Time saved: \( 100 - 16 = 84\,\text{minutes} \), which is \( 1\) hour and \( 24\) minutes, or \( \frac{84}{60}=1.4\) hours. But maybe the question is in hours? Let's convert 84 minutes to hours: \( 84\div60 = 1.4\) hours, or 1 hour 24 minutes.

But let's do it step by step correctly:

Step1: Calculate Aiden's mowing rate

Aiden's lawn area: \( A_A=5\times12 = 60\,\text{m}^2 \). Time taken: \( t_A = 15\,\text{minutes}=\frac{15}{60}=0.25\,\text{hours} \).

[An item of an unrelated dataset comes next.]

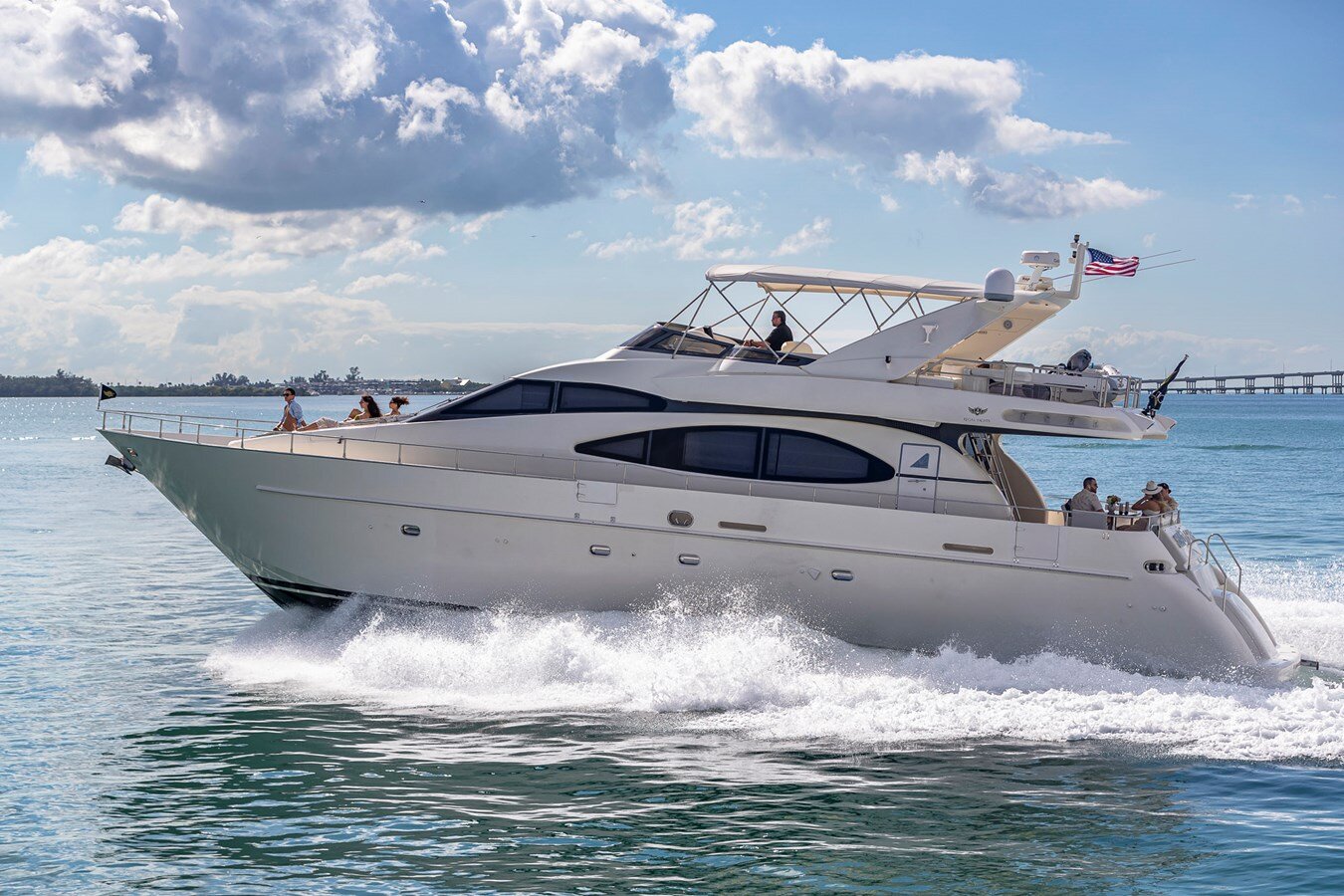 2000-azimut-yachts-69-11-ab81c5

Rate \( r_A=\frac{A_A}{t_A}=\frac{60}{0.25}=240\,\text{m}^2/\text{hour} \).

Step2: Calculate Beth's mowing rate

Beth's lawn area: \( A_B = 30\times50=1500\,\text{m}^2 \). Time taken: \( t_B = 1\,\text{hour} \). Rate \( r_B=\frac{A_B}{t_B}=\frac{1500}{1}=1500\,\text{m}^2/\text{hour} \). Wait, no! Wait, the 400 - m² is the area to mow, not her lawn. So we need to find the time for each to mow 400 m².

Step3: Time for Aiden to mow 400 m²

Using rate \( r_A = 240\,\text{m}^2/\text{hour} \), time \( t_{A,400}=\frac{400}{r_A}=\frac{400}{240}=\frac{5}{3}\approx1.6667\,\text{hours} \), which is \( \frac{5}{3}\times60 = 100\,\text{minutes} \).

Step4: Time for Beth to mow 400 m²

Beth's rate for her lawn is 1500 m² per hour, so her rate is \( 1500\,\text{m}^2/\text{hour} \). Time \( t_{B,400}=\frac{400}{1500}=\frac{4}{15}\approx0.2667\,\text{hours} \), which is \( \frac{4}{15}\times60 = 16\,\text{minutes} \).

Step5: Calculate the time difference

Time difference \( \Delta t=t_{A,400}-t_{B,400}=\frac{5}{3}-\frac{4}{15}=\frac{25 - 4}{15}=\frac{21}{15}=\frac{7}{5}=1.4\,\text{hours} \), or \( 1.4\times60 = 84\,\text{minutes} \).

Answer:

Beth's ride - on mower takes 84 minutes (or 1.4 hours) faster than Aiden's lawnmower to mow the 400 - m² area.